* _Work instructions_
Reproduce the material below only from the line with "A bathroom with" to the line with "Decorative table setting", both included, keeping each line exact and dropping the pictures.

* _Dataset records_
----------------

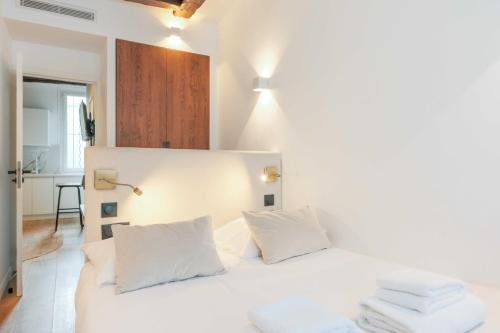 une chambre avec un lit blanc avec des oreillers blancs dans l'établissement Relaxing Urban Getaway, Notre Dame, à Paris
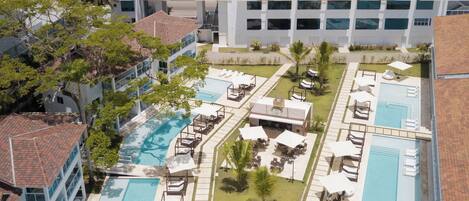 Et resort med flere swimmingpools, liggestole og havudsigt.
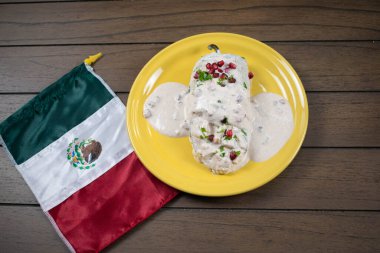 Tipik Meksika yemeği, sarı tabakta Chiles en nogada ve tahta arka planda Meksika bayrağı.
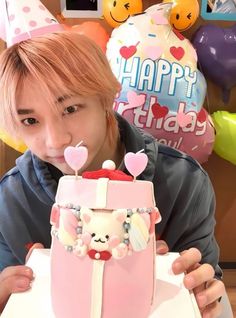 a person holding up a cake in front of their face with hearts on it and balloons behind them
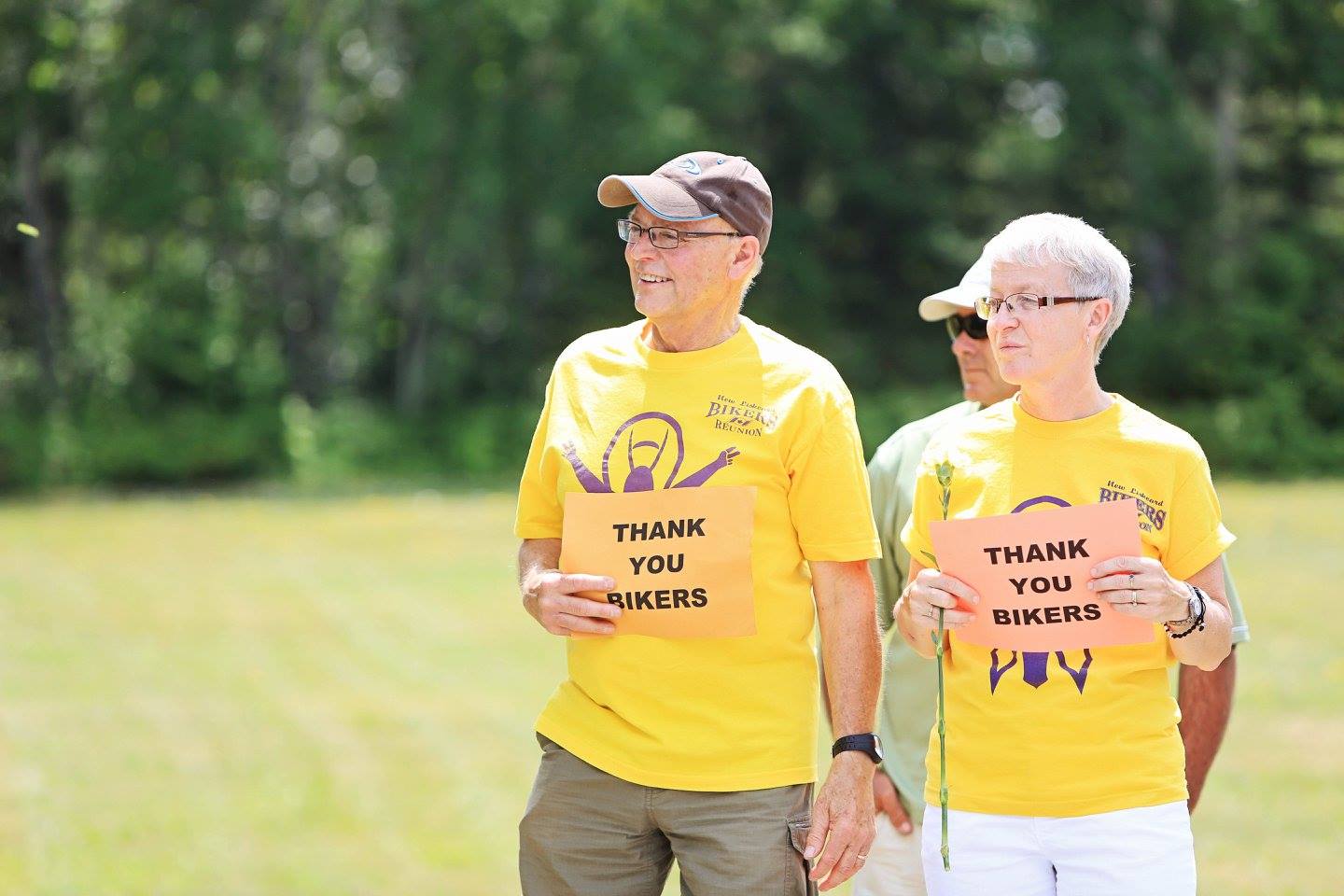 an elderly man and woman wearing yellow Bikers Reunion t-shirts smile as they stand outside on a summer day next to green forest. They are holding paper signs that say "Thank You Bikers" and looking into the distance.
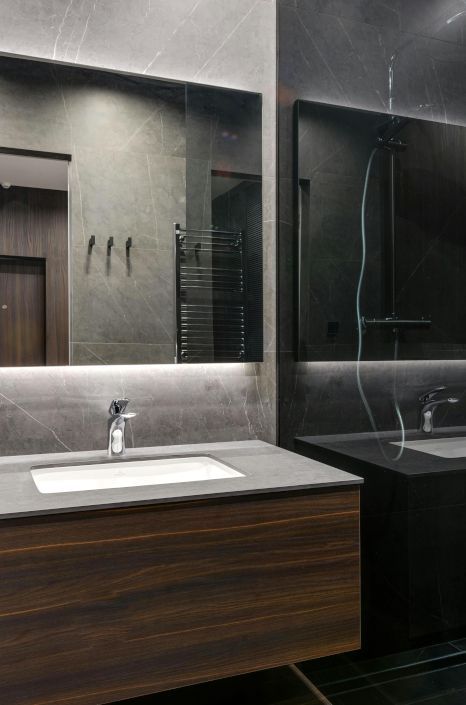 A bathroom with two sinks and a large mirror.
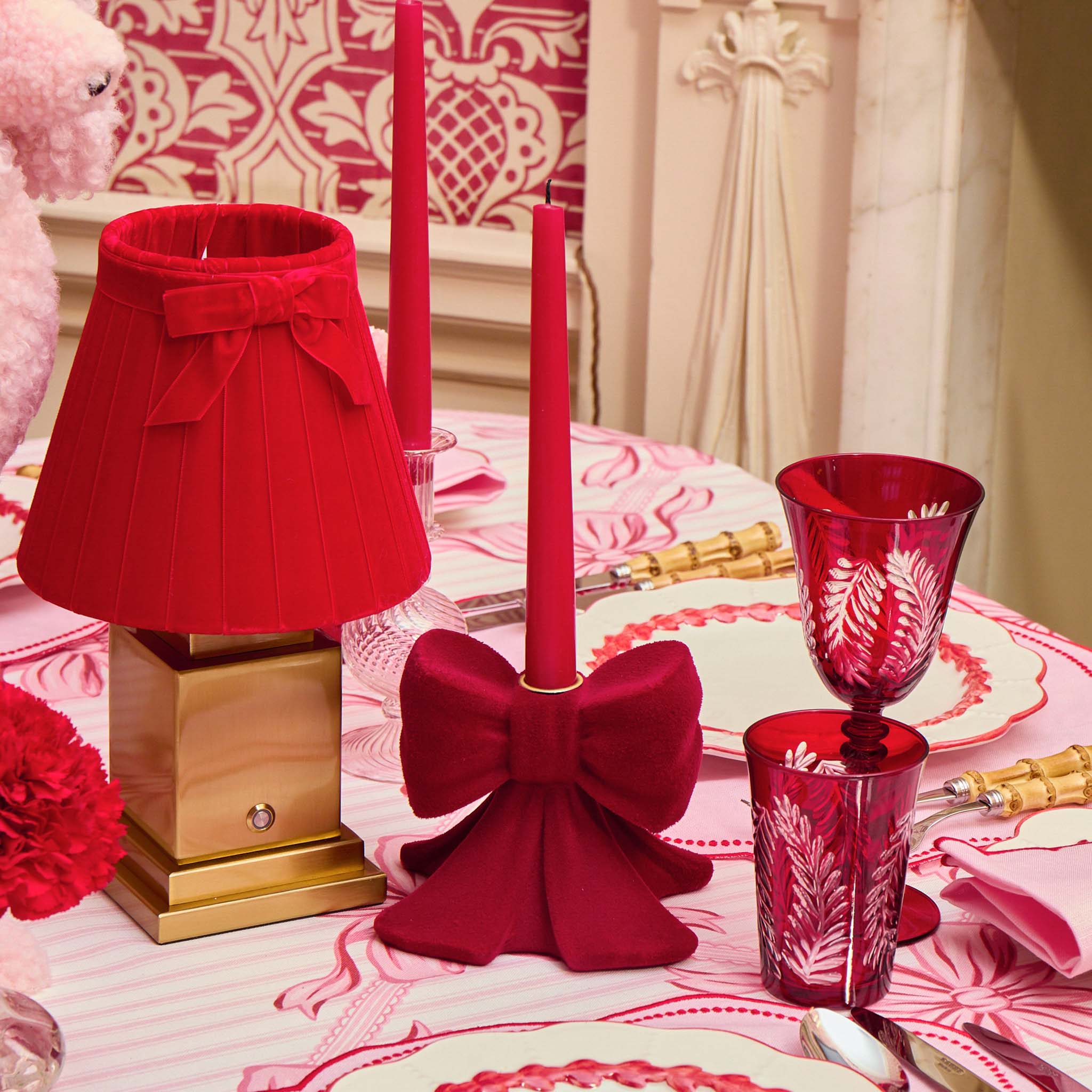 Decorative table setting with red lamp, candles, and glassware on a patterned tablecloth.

----------------

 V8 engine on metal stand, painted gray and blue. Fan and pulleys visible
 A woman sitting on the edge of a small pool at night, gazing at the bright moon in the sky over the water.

----------------

* _Written answer_
 A bathroom with two sinks and a large mirror.
 Decorative table setting with red lamp, candles, and glassware on a patterned tablecloth.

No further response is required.